Q. But Alan was good enough for Medicare Part B – why didn’t he go on it?

A. Looking back, he really wishes he had. Basically, he was lulled into a false sense of security. Cigna continued to pay his claims continuously after he turned 65. What the Kriegs failed to realize was that Cigna would only continue to pay the claims as long as Bitan was a current employee.

A stethoscope is placed on the examination table.Andrew Harr / Bloomberg / File

Q. What were the Craigs told about COBRA when Bethann was terminated?

A. This is the root of the problem. Allen thinks he should clearly tell someone not to go on COBRA but to sign up for Medicare Part B. Instead, he said he was led to believe there would be no change in his status under COBRA.

Alan sent me a dozen documents, most of them from PeloCity, a company hired by Cigna to manage its COBRA plans. Paylocity sent the Craigs a seven-page, single-spaced letter informing them of their COBRA rights because Beth was out of a job. It is very dense, packed with legalistic and bureaucratic language. I had to read it over and over again to begin to understand.

Home insurance will begin to expire from the date of termination. But COBRA says it gives couples the “right” to elect “active members” of the Cigna plan to “continue coverage.”

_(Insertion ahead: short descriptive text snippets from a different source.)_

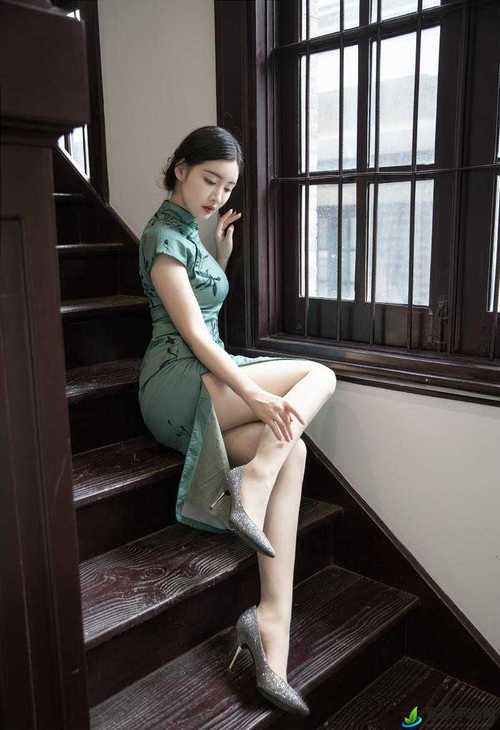 神马影院在线手机最新版的相关介绍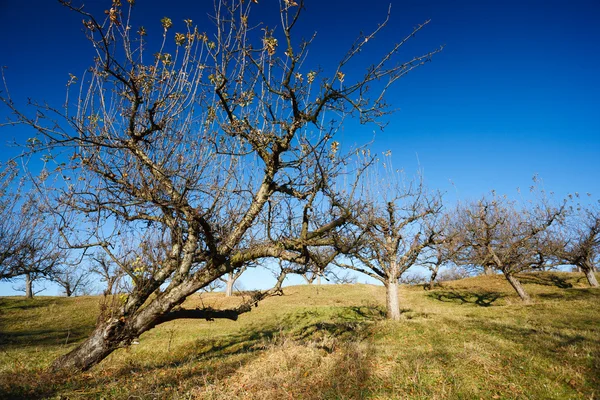 Orchard efter skörd — Stockfoto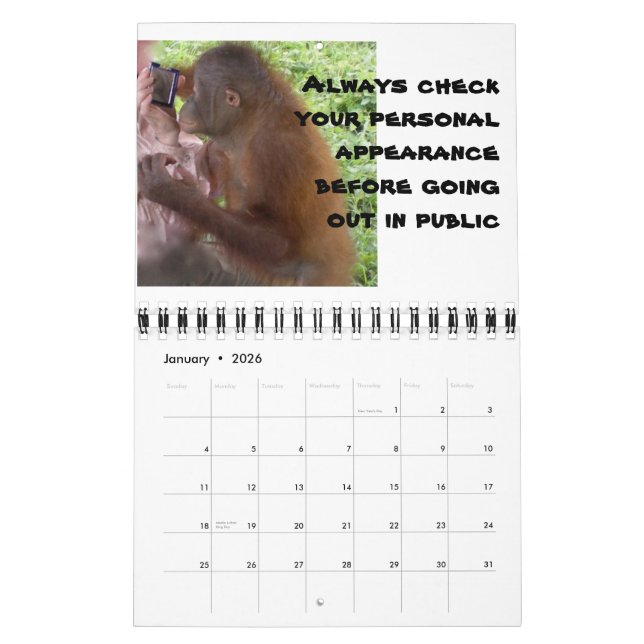 Calendrier Mural Conseil Romance Véritable Amour (Jan 2026)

“COBRA coverage is the same coverage that the plan provides to other non-COBRA participants or beneficiaries,” the letter states.

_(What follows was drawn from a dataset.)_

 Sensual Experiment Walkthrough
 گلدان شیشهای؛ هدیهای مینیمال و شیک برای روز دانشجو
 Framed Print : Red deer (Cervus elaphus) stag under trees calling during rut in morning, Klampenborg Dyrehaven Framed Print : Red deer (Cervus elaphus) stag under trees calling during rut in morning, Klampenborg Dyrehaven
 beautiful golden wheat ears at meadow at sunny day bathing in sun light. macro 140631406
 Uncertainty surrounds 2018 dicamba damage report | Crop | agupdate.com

The letter states that terminated employees and their dependents on COBRA “will have the same rights under this [Cigna] Make a plan like other participants in the plan.

It says nothing about those over 65 needing to sign up for Medicare Part B.

Q. How was the letter understood by Kriegs?

A. After electing COBRA, they thought their Cigna coverage would continue for the couple without any interruptions or upgrades, despite the high cost to them.

Question: How?

A. Medicare differentiates between those 65 and older who have employer-sponsored insurance and are still working, and those who have employer-sponsored insurance but are not working, such as those covered by COBRA.

Q. What is the difference?

I quote A. ARP: “You can delay signing up for Medicare [Part B] If you or your spouse are still working and have health insurance from a Seasonal employer.” AARP put “current” in italics for emphasis.

AARP continues: “Even though COBRA is the same coverage you had when you were working, it works differently under Medicare rules because you or your spouse are no longer actively working at that job.”

Q. How did it play out for Craigs?

A. Kriegs was oblivious to the “currently employed” requirement. They continued with their COBRA plan, and a few months later, Alan scheduled outpatient arthritis surgery on his knee. He got a letter from Cigna approving it “after reviewing your medical information and health plan.”

Alan had the surgery, but Cigna later refused to pay because it should have been under Medicare Part B. Craigs was eventually paid $20,000 out of pocket.

Anyone who needs help navigating the Medicare system can get it free of charge. Lighting program Through their local senior center.